Durante los últimos seis meses usé Cursor y Windsurf en modo agente para la mayor parte de mi trabajo de código. No solo autocompletado o sugerencias inline: dejé que los agentes planificaran, escribieran, y en muchos casos iteraran sin intervención mía en cada paso. Estos son los resultados honestos.
Lo que funcionó mejor de lo esperado
El tiempo en tareas rutinarias cayó dramáticamente. Escribir tests para código existente, migrar de una librería a otra, añadir manejo de errores, generar tipos TypeScript de esquemas JSON: estas tareas que antes tomaban horas ahora toman minutos. Aquí los agentes son genuinamente buenos y el resultado es confiable.
El onboarding a codebases desconocidas mejoró. Cuando toco un proyecto que no conozco, preguntarle al agente “explica qué hace este módulo y cómo se conecta con el resto” me da contexto en segundos que antes requería leer durante 20 minutos.
Los bugs obvios los encuentra antes que yo. Durante el desarrollo, los agentes atrapan errores de tipo, edge cases que se me pasan, y inconsistencias en la lógica antes de que lleguen a los tests.
Lo que funcionó peor de lo esperado
La arquitectura se resiente si no la guías activamente. Los agentes son buenos implementando funcionalidades, pero no son buenos diseñando la estructura de alto nivel. Si les dejas libertad en la arquitectura, tienden a acumular deuda técnica invisible: abstracciones innecesarias, patrones inconsistentes, código que funciona pero que nadie querría mantener.
Aprendí esto con dolor: dejar que el agente “construyera la feature completa” en un proyecto nuevo resultó en código que funcionaba perfectamente pero que era difícil de entender y extender. Tuve que refactorizarlo yo.
El modo agente es peligroso con código de producción sin supervisión. En un par de ocasiones, el agente hizo cambios en archivos que no debería haber tocado para “hacer funcionar la feature”. Los cambios eran técnicamente correctos pero rompían contratos implícitos con otras partes del sistema que el agente no conocía.
La lección: siempre revisa qué archivos modificó el agente, no solo si el resultado funciona.
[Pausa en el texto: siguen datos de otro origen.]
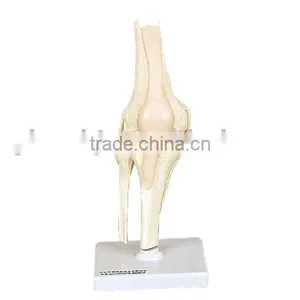 Human Knee Joint thumbnail-1
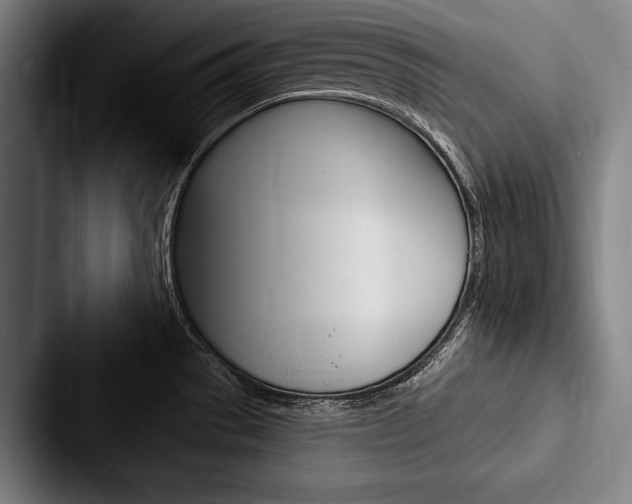 X0000088061529200705110903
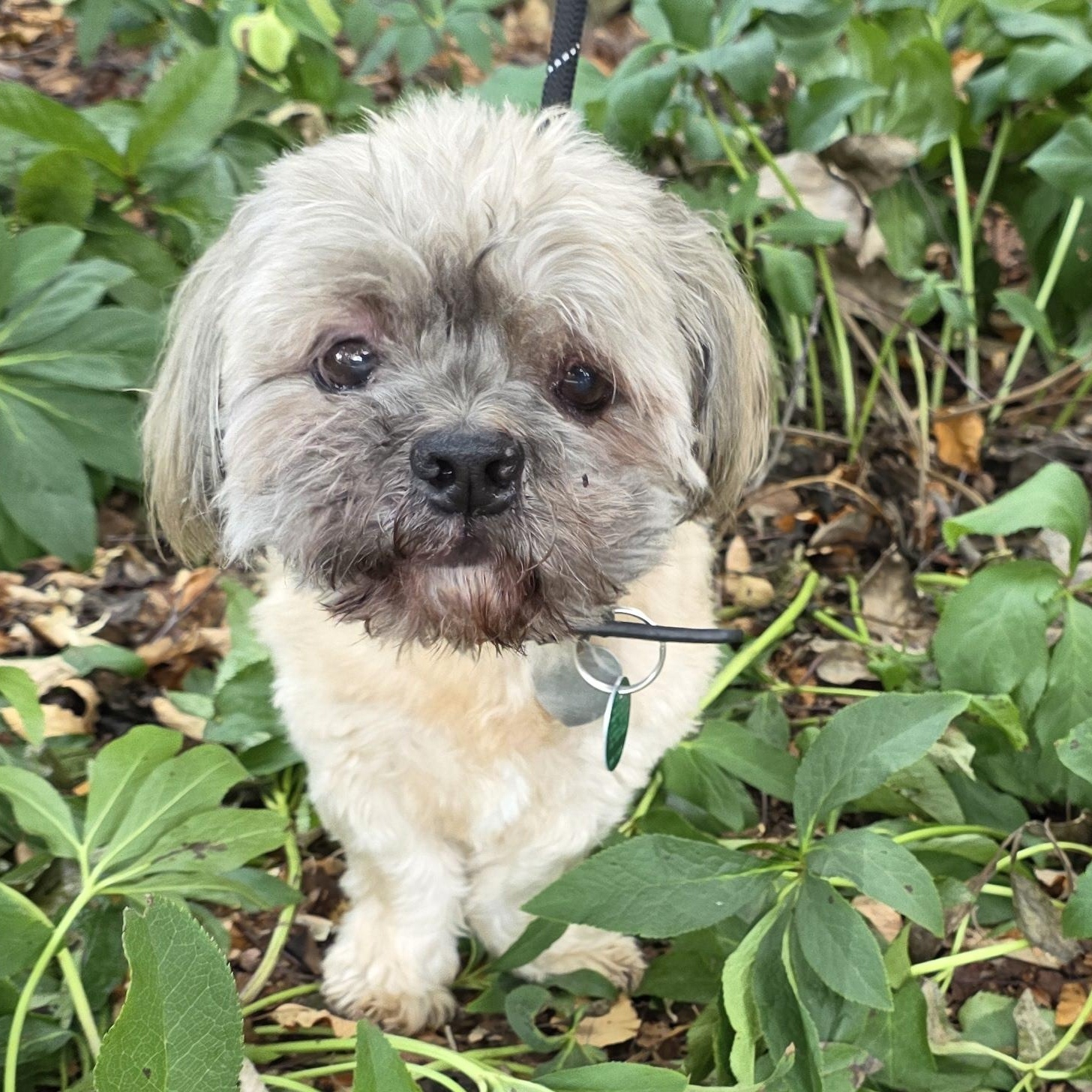 Bear, an adopted mixed breed in Greensboro, NC image 5/6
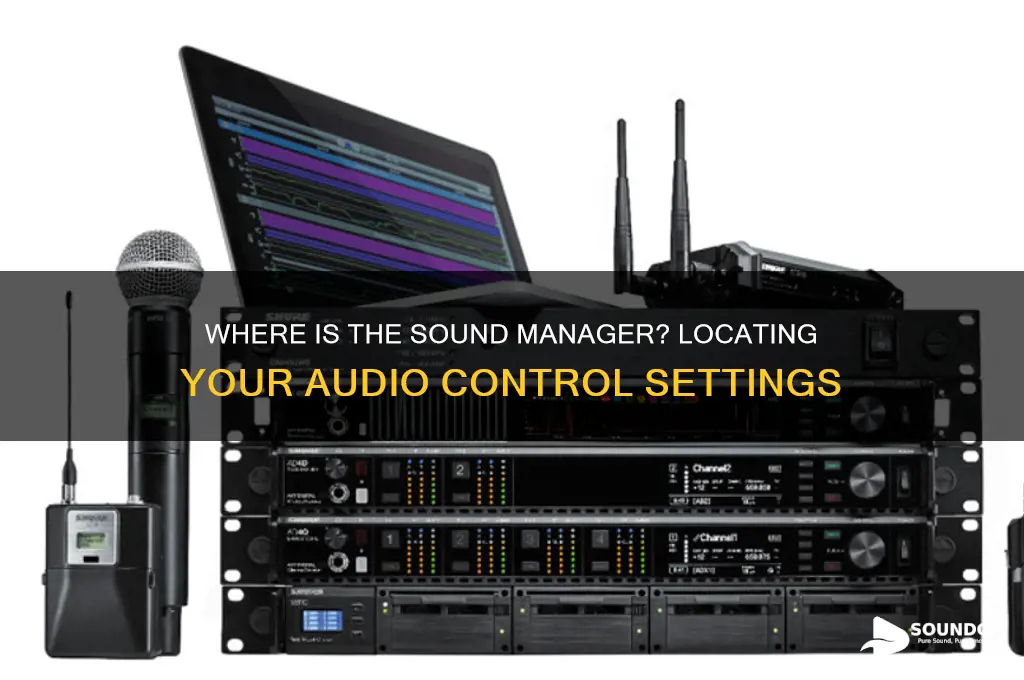 where is the sound manager
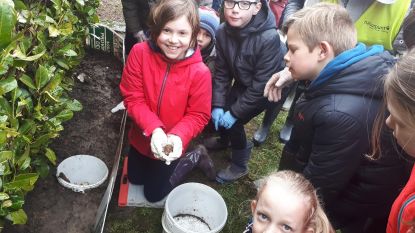 De Zonnevlier helpt bij paddenoverzet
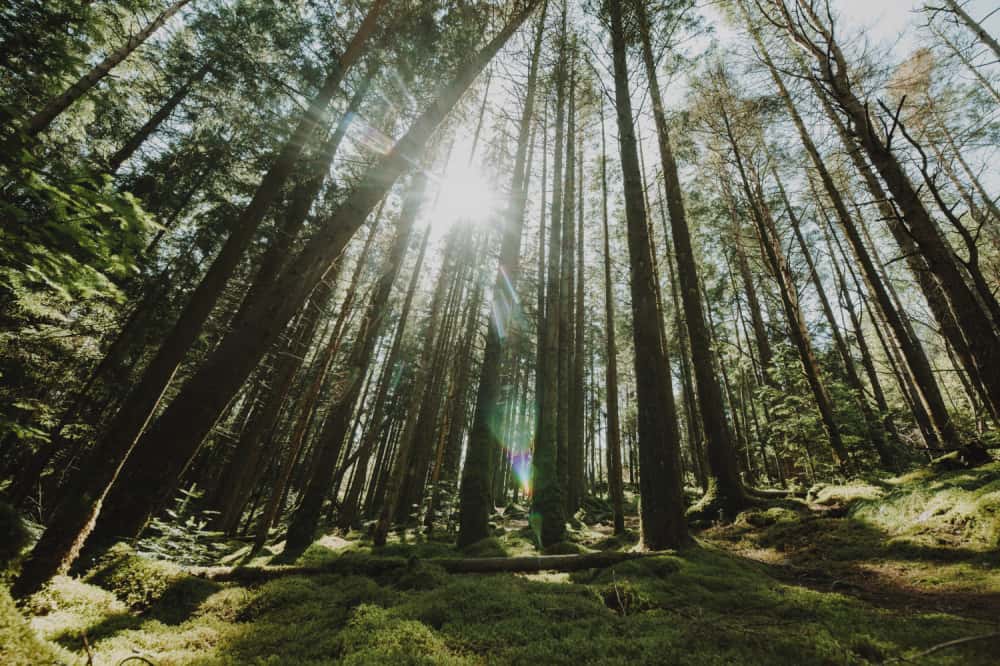 После проверки тагильских специалистов было возбуждено уголовное дело о незаконной рубке леса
La confianza excesiva es real. Me sorprendí aceptando código del agente sin leerlo bien varias veces. En la mayoría de casos estaba bien, pero en algunos casos el código tenía problemas sutiles que solo noté semanas después. El agente escribe con mucha confianza independientemente de si el código es correcto.
El cambio más importante en mi forma de trabajar
Empecé a invertir más tiempo en especificar bien lo que quiero antes de dejar que el agente lo implemente. Un prompt de 200 palabras que describe exactamente el comportamiento esperado, los casos edge, y las restricciones produce resultados dramáticamente mejores que “implementa X”.
Esto puede parecer que vuelve la velocidad al punto de partida, pero no es así: definir bien el problema es útil de todas formas y ahora lo hago de forma más explícita y pensada.
Lo que no cambió
El debugging difícil sigue siendo manual. Para bugs complejos con múltiples causas posibles y comportamiento dependiente del contexto de producción, los agentes ayudan pero no reemplazan el análisis humano. Te dan hipótesis que explorar, no respuestas.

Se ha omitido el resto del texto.